So what I am trying to do is simply to convert fields:
year, month, day, hour, minute
(which are of type integer as seen below) into a string type.
So I have a dataframe df_src of type :
<class 'pyspark.sql.dataframe.DataFrame'>
and here is its schema:
root
|-- src_ip: string (nullable = true)
|-- year: integer (nullable = true)
|-- month: integer (nullable = true)
|-- day: integer (nullable = true)
|-- hour: integer (nullable = true)
|-- minute: integer (nullable = true)
I also declared a function earlier :
def parse_df_to_string(year, month, day, hour=0, minute=0):
second = 0
return "{0:04d}-{1:02d}-{2:02d} {3:02d}:{4:02d}:{5:02d}".format(year, month, day, hour, minute, second)

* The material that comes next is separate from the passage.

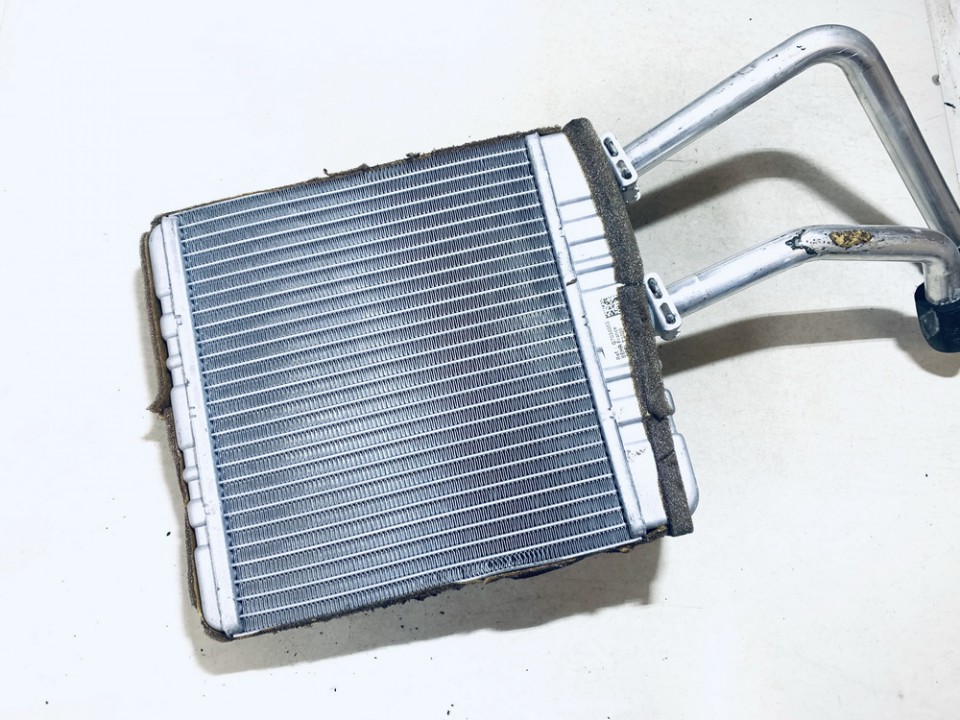 K9873003 Volvo V70 2008 Радиатор отопителя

And I also did a test and it works like a charm :
print parse_df_to_string(2016, 10, 15, 21)
print type(parse_df_to_string(2016, 10, 15, 21))
2016-10-15 21:00:00
<type 'str'>
so I also did something similar as in spark api with udf :
from pyspark.sql.functions import udf
u_parse_df_to_string = udf(parse_df_to_string)
where finally this request :
df_src.select('*',
u_parse_df_to_string(df_src['year'], df_src['month'], df_src['day'], df_src['hour'], df_src['minute'])
).show()
would cause :
---------------------------------------------------------------------------
Py4JJavaError Traceback (most recent call last)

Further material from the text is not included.